## To do
Please give back the lines from the line containing "Interior, Marble, Recessed Lighting, Washer" through the end of the listing below, exactly as written and without pictures.

## Supplied records
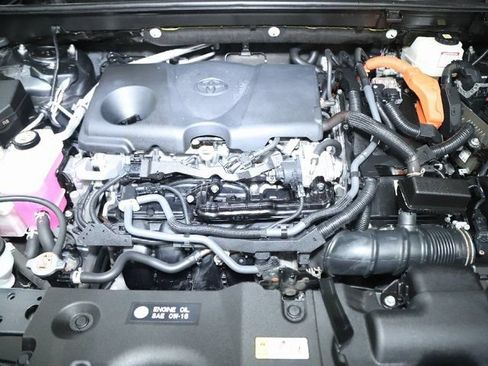 Used 2023 Toyota RAV4 XLE Premium AWD/4WD image 40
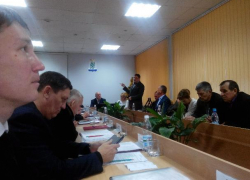 Фракция "Единой России" в Камышинской городской думе в одиночку продавила обращение к главе региона сделать вдвое больше удорожание коммуналки для камышан Фракция "Единой России" в Камышинской городской думе в одиночку продавила обращение к главе региона сделать вдвое больше удорожание коммуналки для камышан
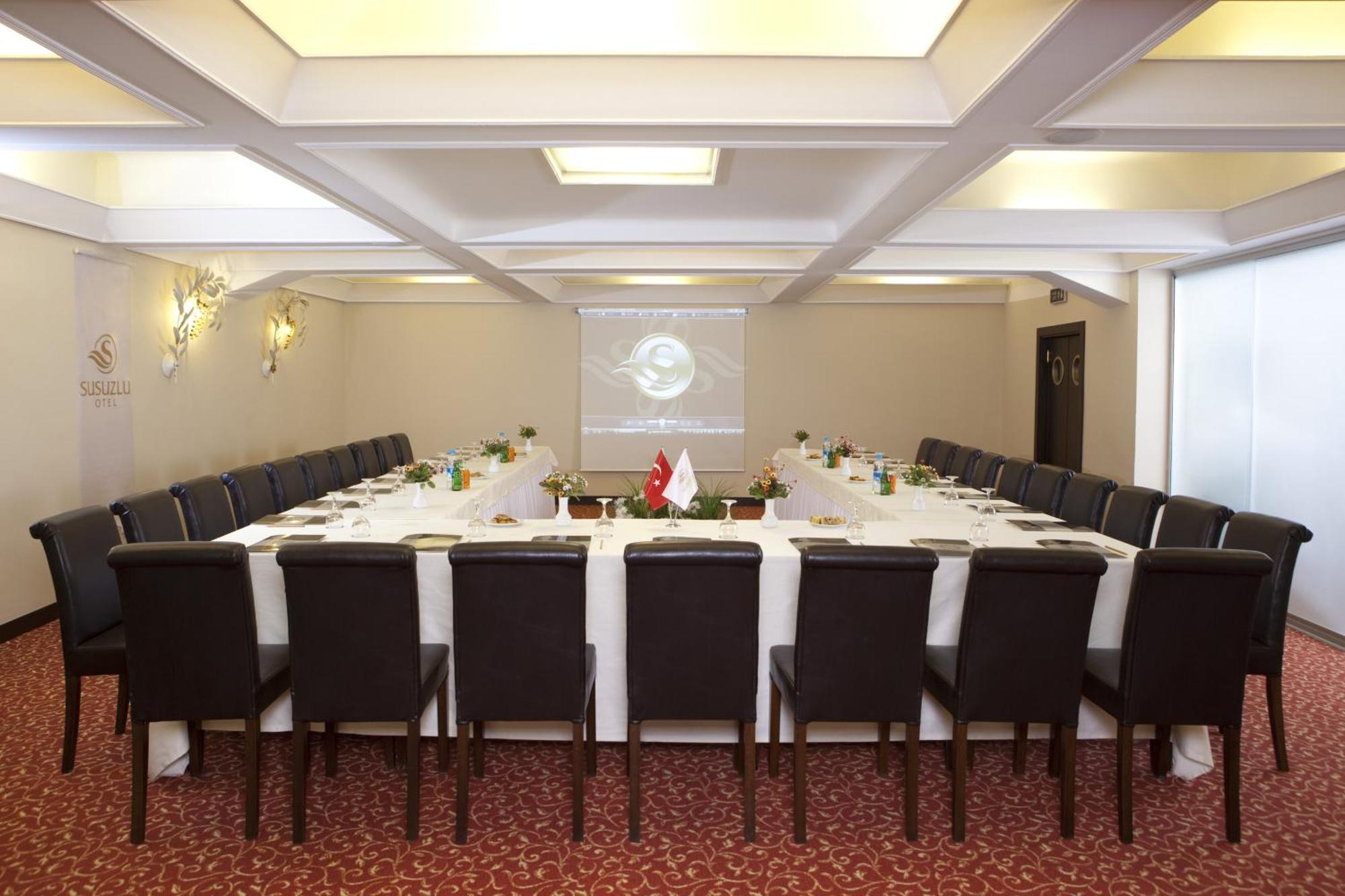 Susuzlu Atlantis Hotel Измир Екстериор снимка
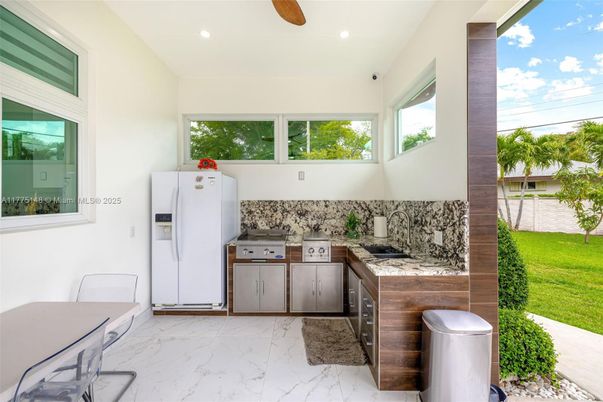 Interior, Marble, Recessed Lighting, Washer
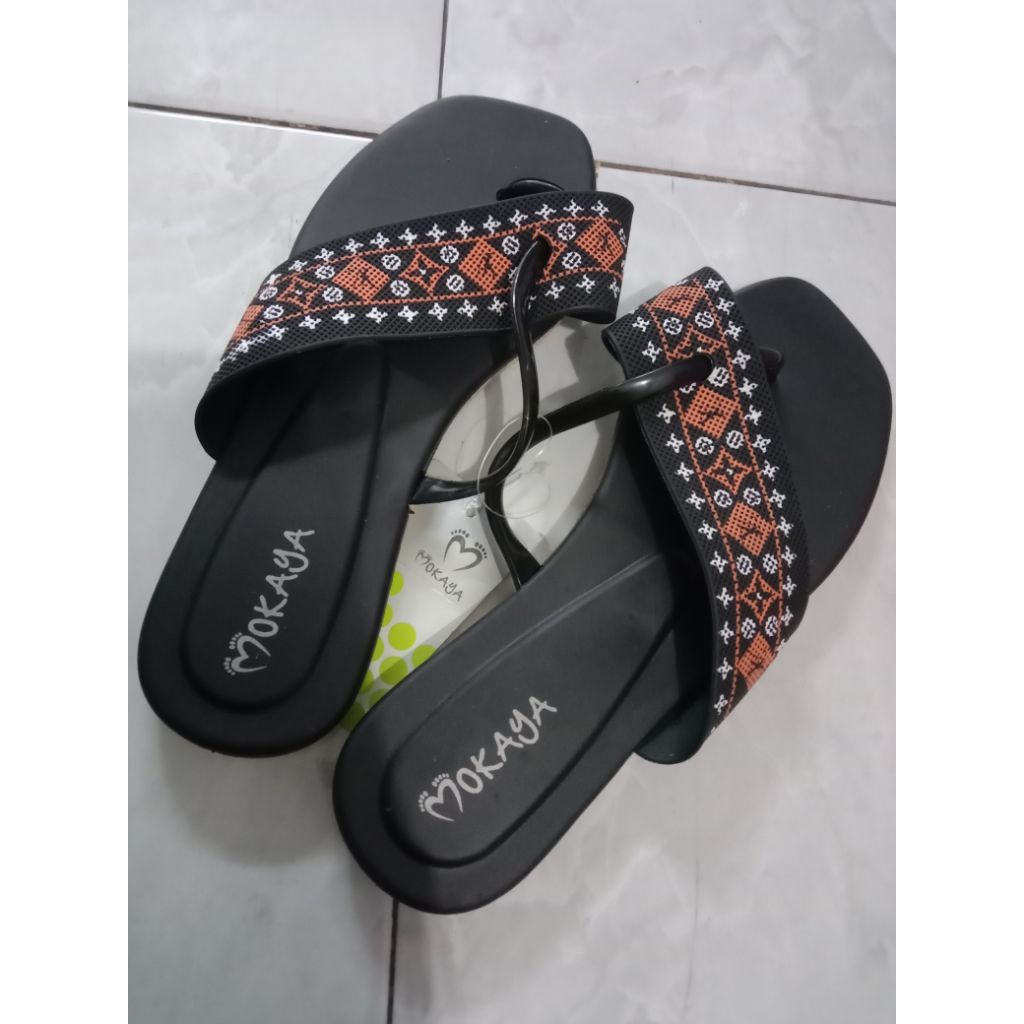 Sandal mokaya jepit Cuci Gudang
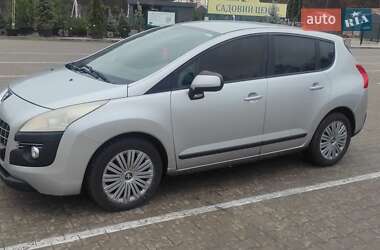 Позашляховик / Кросовер Peugeot 3008 2010 в Чернігові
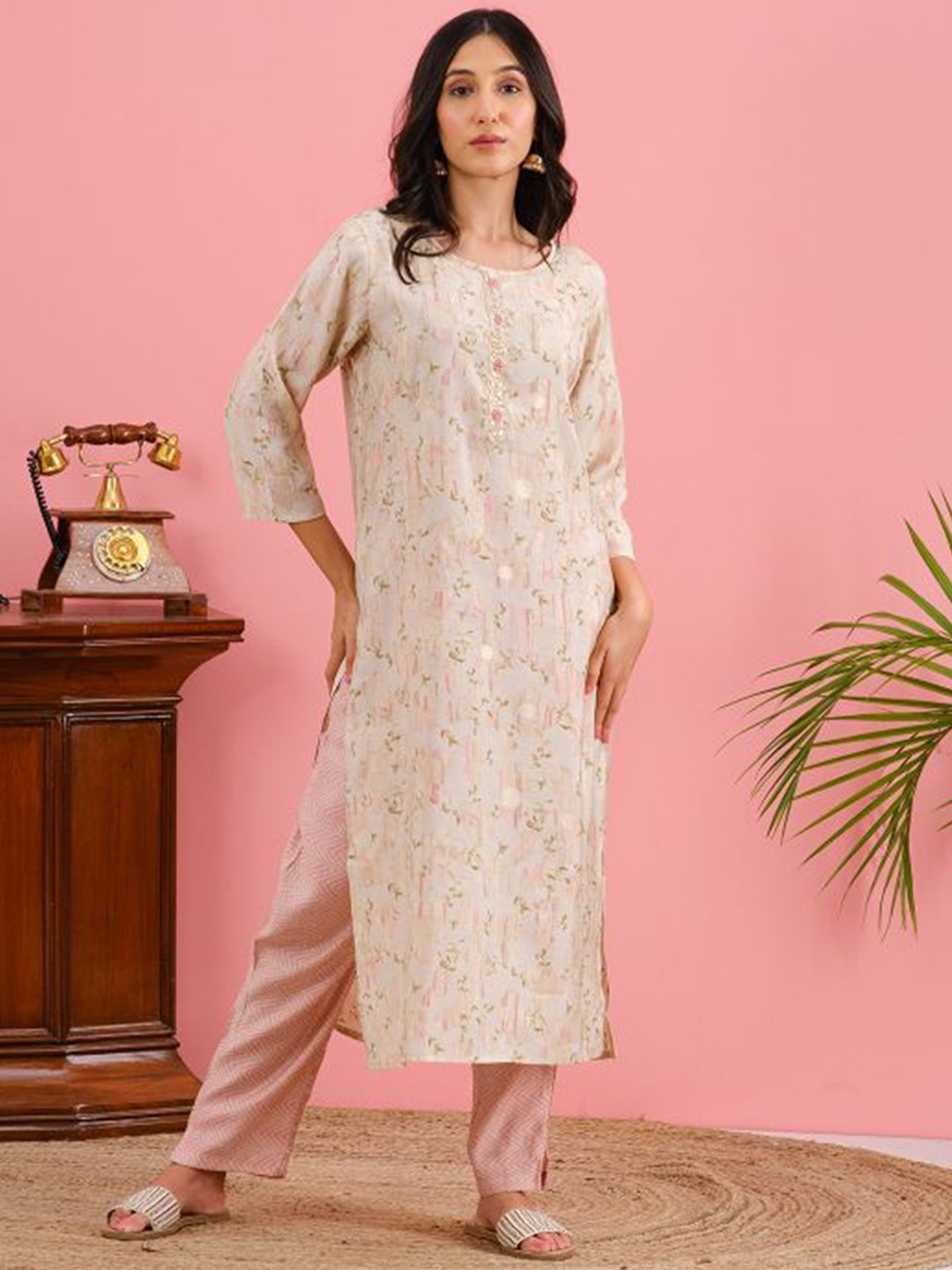 

Chowkhat Floral Printed Pure Cotton Kurta With Trousers, Pink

## Answer for this exercise
 Interior, Marble, Recessed Lighting, Washer
 Sandal mokaya jepit Cuci Gudang
 Позашляховик / Кросовер Peugeot 3008 2010 в Чернігові

Chowkhat Floral Printed Pure Cotton Kurta With Trousers, Pink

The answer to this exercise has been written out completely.